Content starts
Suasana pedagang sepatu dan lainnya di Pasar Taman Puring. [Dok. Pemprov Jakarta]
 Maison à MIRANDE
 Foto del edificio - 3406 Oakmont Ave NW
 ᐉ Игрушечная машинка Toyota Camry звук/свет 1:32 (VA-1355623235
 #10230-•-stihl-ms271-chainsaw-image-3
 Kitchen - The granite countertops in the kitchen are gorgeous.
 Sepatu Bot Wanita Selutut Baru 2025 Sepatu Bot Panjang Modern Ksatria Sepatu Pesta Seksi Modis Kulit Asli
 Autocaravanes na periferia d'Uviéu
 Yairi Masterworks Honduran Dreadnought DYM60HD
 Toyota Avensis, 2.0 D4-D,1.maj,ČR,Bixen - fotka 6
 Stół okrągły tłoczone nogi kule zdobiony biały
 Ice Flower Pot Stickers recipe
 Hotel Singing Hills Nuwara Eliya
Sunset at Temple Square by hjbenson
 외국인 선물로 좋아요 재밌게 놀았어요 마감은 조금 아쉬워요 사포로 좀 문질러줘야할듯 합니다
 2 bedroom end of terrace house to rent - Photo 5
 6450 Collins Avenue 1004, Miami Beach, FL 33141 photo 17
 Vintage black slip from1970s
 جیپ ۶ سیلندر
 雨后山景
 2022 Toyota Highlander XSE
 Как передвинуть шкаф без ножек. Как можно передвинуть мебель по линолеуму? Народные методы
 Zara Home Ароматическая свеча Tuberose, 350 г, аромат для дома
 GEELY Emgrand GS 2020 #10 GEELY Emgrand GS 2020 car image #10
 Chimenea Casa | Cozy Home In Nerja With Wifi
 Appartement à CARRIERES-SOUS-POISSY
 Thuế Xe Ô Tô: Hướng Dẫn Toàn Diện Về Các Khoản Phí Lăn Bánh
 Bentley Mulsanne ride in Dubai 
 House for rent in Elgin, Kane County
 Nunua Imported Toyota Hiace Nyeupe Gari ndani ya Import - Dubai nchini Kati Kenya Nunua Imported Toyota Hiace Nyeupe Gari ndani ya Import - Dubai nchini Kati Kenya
Content ends
■ EXERCISE DETAILS
The full listing above should be returned exactly as supplied.

■ EXERCISE SOLUTION
Suasana pedagang sepatu dan lainnya di Pasar Taman Puring. [Dok. Pemprov Jakarta]
 Maison à MIRANDE
 Foto del edificio - 3406 Oakmont Ave NW
 ᐉ Игрушечная машинка Toyota Camry звук/свет 1:32 (VA-1355623235
 #10230-•-stihl-ms271-chainsaw-image-3
 Kitchen - The granite countertops in the kitchen are gorgeous.
 Sepatu Bot Wanita Selutut Baru 2025 Sepatu Bot Panjang Modern Ksatria Sepatu Pesta Seksi Modis Kulit Asli
 Autocaravanes na periferia d'Uviéu
 Yairi Masterworks Honduran Dreadnought DYM60HD
 Toyota Avensis, 2.0 D4-D,1.maj,ČR,Bixen - fotka 6
 Stół okrągły tłoczone nogi kule zdobiony biały
 Ice Flower Pot Stickers recipe
 Hotel Singing Hills Nuwara Eliya
Sunset at Temple Square by hjbenson
 외국인 선물로 좋아요 재밌게 놀았어요 마감은 조금 아쉬워요 사포로 좀 문질러줘야할듯 합니다
 2 bedroom end of terrace house to rent - Photo 5
 6450 Collins Avenue 1004, Miami Beach, FL 33141 photo 17
 Vintage black slip from1970s
 جیپ ۶ سیلندر
 雨后山景
 2022 Toyota Highlander XSE
 Как передвинуть шкаф без ножек. Как можно передвинуть мебель по линолеуму? Народные методы
 Zara Home Ароматическая свеча Tuberose, 350 г, аромат для дома
 GEELY Emgrand GS 2020 #10 GEELY Emgrand GS 2020 car image #10
 Chimenea Casa | Cozy Home In Nerja With Wifi
 Appartement à CARRIERES-SOUS-POISSY
 Thuế Xe Ô Tô: Hướng Dẫn Toàn Diện Về Các Khoản Phí Lăn Bánh
 Bentley Mulsanne ride in Dubai 
 House for rent in Elgin, Kane County
 Nunua Imported Toyota Hiace Nyeupe Gari ndani ya Import - Dubai nchini Kati Kenya Nunua Imported Toyota Hiace Nyeupe Gari ndani ya Import - Dubai nchini Kati Kenya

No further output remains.